A bit more about Sandy Koufax…
Koufax was born Sanford Braun on December 30, 1935 and was raised in Brooklyn, New York. His parents divorced when he was three, so he took the name of his stepfather, Irving Koufax. Sandy excelled on the basketball court as a teenager and played for a team at the local Jewish Community Center. While pitching in high school, Brooklyn Dodgers scout Al Campanis asked Koufax to come to Ebbets Field for a tryout and was amazed saying, “There are two times in my life the hairs on my arms stood up: The first time I saw the Sistine Chapel and the first time I saw Sandy Koufax throw a fastball.”
Koufax was soon signed by the Dodgers and took the place of then mediocre relief pitcher and future Dodger manager Tommy Lasorda. From 1955-1960, Koufax was relegated to a small role on the team and posted only modest numbers.

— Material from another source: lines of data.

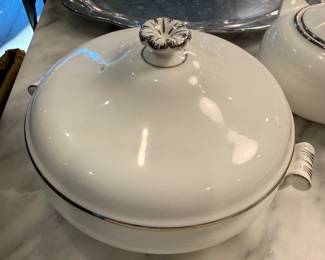 Wedgwood Covered Vegetable Dish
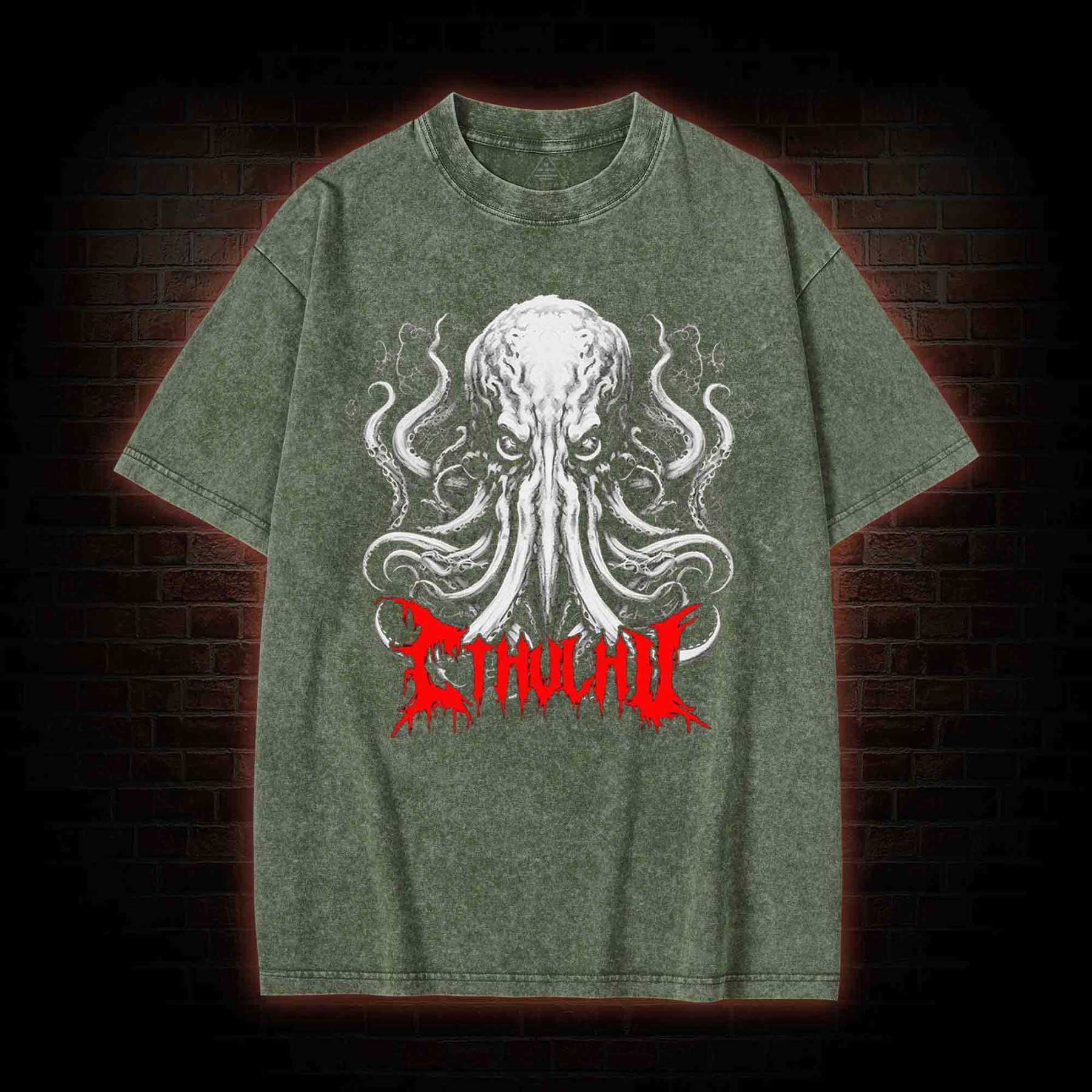 Cthulhu Horror T-shirt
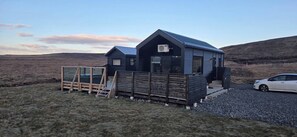 Cabin, 2 Bedrooms, Patio | Exterior - Northern Lights Cabin - Syðribrú (Selfoss)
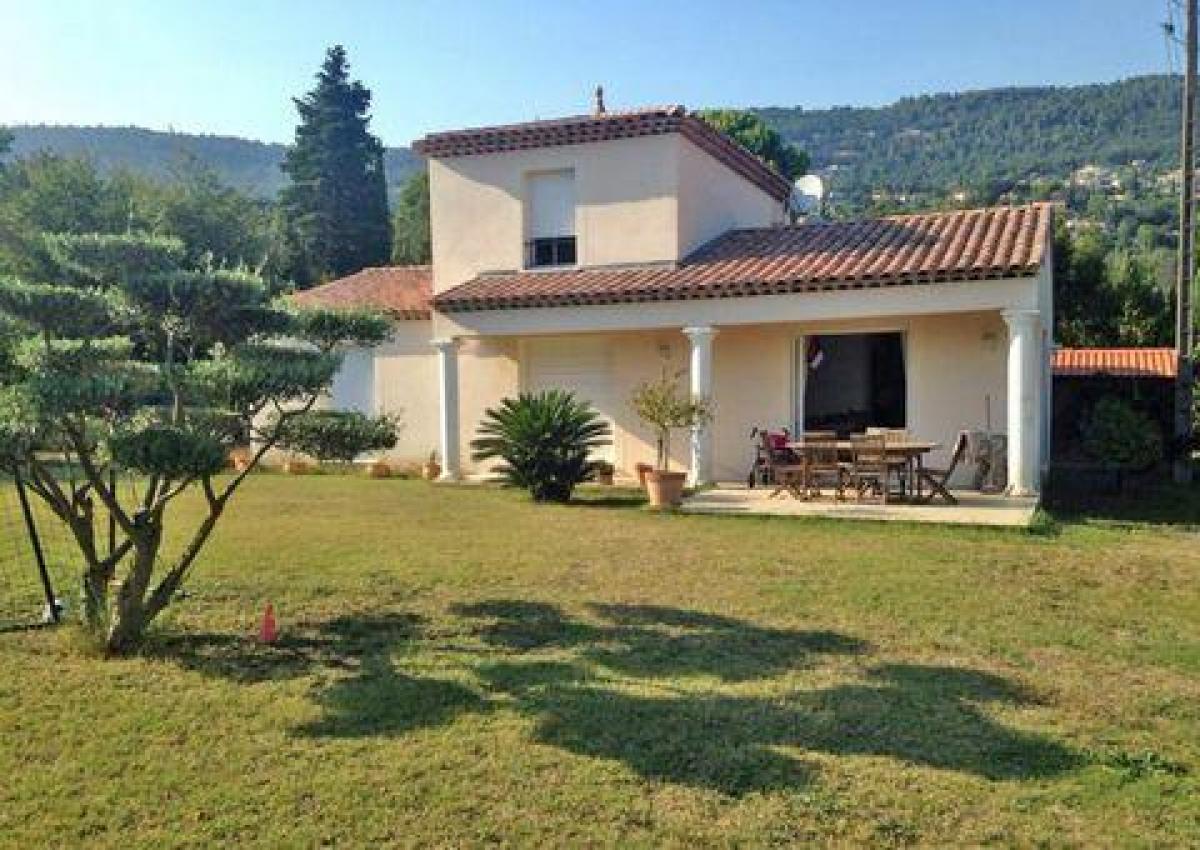 3 bedrooms House in Peymeinade, France No. 11548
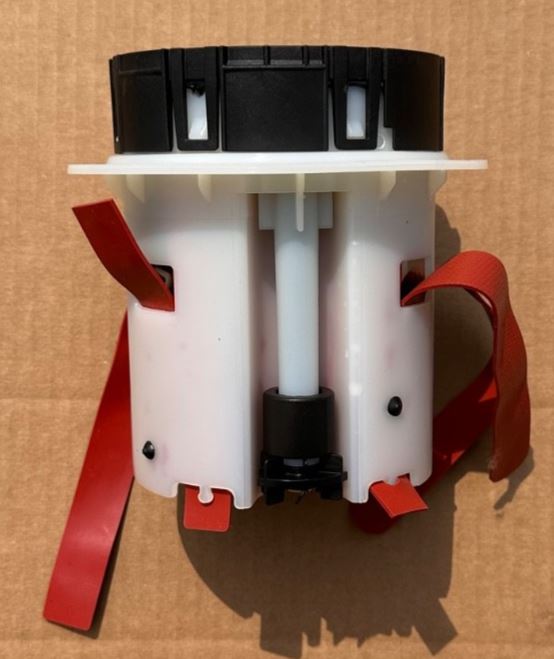 OEM | Diesel Exhaust Pump w/o O Ring fits 2017 - 2020 Sierra Silverado 84545446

After the 1960 season, Koufax began an intense workout schedule and fixed some of the hitches in his delivery. The 1961 season was a breakout year for Koufax and he became an all-star pitcher and broke Christy Mathewson’s National League strikeout record. Koufax would come to dominate baseball over the next five seasons. He won the Cy Young Award three times, pitched three no-hitters (including a perfect game in ‘65) and led the now Los Angeles Dodgers to World Series victories in ’63 and ’65, and a loss in ’66. Plagued by an arthritic left elbow, Koufax was forced into retirement after the 1966 season. Koufax left the game after an incredible season in which he posted a 27-9 record and a 1.73 ERA.
After retirement, Koufax worked as a baseball announcer for NBC for six seasons and was elected into the Baseball Hall of Fame in 1972. In April 2007, more than four decades after his retirement from baseball, Koufax was the final player chosen in the inaugural Israel Baseball League draft by the Modi’in Miracle. The Miracle’s manager, Art Shamsky, said, “It’s been 41 years between starts for him. If he’s rested and ready to take the mound again, we want him on our team.” Koufax declined to join the Miracle, despite the fact that he would have been working on 14,875 days rest.